Stored records:
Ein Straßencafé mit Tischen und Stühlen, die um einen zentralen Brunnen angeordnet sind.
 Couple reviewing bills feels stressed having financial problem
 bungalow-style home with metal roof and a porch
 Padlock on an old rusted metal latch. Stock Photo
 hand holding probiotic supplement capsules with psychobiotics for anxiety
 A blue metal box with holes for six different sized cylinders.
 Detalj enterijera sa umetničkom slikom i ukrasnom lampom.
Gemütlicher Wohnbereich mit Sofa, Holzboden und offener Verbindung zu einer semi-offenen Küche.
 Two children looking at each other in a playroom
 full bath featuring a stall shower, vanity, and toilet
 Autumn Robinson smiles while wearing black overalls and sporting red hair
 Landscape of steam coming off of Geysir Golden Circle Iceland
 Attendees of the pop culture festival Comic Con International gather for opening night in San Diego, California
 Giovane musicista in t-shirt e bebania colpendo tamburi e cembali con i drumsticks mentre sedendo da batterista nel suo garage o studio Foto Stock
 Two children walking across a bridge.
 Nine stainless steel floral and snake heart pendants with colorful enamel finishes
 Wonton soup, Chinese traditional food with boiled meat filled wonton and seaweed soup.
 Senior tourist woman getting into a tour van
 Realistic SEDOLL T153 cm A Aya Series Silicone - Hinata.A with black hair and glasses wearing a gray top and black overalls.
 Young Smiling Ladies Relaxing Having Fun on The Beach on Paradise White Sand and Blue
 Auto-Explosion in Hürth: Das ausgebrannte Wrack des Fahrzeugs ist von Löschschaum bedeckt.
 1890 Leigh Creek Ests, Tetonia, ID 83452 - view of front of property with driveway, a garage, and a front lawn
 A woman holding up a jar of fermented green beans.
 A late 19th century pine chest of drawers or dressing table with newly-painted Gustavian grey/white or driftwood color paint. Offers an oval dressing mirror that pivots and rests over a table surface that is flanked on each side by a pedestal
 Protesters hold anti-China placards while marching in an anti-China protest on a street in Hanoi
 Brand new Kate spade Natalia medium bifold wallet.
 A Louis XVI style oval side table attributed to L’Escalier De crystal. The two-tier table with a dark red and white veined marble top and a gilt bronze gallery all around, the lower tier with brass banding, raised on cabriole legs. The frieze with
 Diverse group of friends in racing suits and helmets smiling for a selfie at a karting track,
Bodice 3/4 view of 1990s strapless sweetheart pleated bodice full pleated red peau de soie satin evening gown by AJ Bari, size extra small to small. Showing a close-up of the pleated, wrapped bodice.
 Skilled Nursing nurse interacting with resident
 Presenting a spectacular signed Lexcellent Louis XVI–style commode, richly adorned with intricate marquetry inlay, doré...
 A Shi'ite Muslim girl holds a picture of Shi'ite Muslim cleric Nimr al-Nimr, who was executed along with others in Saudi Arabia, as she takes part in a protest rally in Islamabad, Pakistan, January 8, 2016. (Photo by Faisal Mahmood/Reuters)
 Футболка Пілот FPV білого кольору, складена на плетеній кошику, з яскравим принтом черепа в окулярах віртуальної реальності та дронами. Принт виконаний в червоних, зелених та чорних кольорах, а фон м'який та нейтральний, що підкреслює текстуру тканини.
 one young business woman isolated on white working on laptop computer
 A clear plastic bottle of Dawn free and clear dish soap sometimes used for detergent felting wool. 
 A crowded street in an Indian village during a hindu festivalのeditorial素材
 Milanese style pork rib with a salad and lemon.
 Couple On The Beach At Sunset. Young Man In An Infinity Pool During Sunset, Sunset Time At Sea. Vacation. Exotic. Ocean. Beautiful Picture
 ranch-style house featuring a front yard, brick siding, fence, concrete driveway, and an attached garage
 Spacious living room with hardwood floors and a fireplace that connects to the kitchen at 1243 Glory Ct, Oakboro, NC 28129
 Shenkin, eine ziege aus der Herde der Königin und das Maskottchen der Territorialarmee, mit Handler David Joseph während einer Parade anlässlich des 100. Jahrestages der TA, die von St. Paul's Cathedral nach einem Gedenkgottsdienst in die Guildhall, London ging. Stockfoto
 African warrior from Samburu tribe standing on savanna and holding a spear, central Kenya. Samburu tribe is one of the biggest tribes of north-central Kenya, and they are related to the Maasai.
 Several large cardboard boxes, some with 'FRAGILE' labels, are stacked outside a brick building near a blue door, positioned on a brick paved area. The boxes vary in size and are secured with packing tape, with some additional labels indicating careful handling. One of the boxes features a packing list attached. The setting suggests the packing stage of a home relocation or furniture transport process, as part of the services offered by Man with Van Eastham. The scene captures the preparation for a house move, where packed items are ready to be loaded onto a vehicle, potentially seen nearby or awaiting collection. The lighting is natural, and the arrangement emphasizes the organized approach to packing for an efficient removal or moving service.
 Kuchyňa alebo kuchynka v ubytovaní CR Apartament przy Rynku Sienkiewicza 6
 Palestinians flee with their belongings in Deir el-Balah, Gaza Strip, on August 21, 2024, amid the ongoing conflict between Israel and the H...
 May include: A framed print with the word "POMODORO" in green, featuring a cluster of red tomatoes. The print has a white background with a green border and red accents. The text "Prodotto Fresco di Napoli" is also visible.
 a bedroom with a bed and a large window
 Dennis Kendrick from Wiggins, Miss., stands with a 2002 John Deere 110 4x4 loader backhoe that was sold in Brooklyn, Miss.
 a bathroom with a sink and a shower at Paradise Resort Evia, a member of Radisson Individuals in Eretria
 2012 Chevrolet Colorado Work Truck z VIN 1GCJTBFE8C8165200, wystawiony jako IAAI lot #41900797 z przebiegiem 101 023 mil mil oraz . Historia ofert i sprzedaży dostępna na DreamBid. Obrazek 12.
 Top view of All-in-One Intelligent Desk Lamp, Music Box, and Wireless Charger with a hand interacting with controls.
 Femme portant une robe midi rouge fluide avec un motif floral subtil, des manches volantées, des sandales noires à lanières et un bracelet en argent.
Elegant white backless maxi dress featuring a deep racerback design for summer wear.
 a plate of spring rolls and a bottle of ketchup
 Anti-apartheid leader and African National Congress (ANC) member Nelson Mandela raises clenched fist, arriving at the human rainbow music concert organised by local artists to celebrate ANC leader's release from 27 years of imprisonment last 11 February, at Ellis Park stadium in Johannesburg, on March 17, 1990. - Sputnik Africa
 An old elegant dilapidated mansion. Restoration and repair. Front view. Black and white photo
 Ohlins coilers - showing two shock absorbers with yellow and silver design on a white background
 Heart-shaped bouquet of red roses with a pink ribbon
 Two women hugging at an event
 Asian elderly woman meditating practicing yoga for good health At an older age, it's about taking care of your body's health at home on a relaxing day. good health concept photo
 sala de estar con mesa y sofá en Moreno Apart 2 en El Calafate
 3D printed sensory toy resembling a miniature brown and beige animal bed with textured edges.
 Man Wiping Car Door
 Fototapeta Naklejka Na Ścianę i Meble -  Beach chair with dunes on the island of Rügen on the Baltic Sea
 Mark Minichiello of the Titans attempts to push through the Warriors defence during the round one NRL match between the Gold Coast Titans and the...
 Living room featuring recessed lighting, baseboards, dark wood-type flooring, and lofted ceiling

> **Assignment**:
Pick every line of the data that includes the string "wearing".

> **Result of this exercise**:
 Autumn Robinson smiles while wearing black overalls and sporting red hair
 Realistic SEDOLL T153 cm A Aya Series Silicone - Hinata.A with black hair and glasses wearing a gray top and black overalls.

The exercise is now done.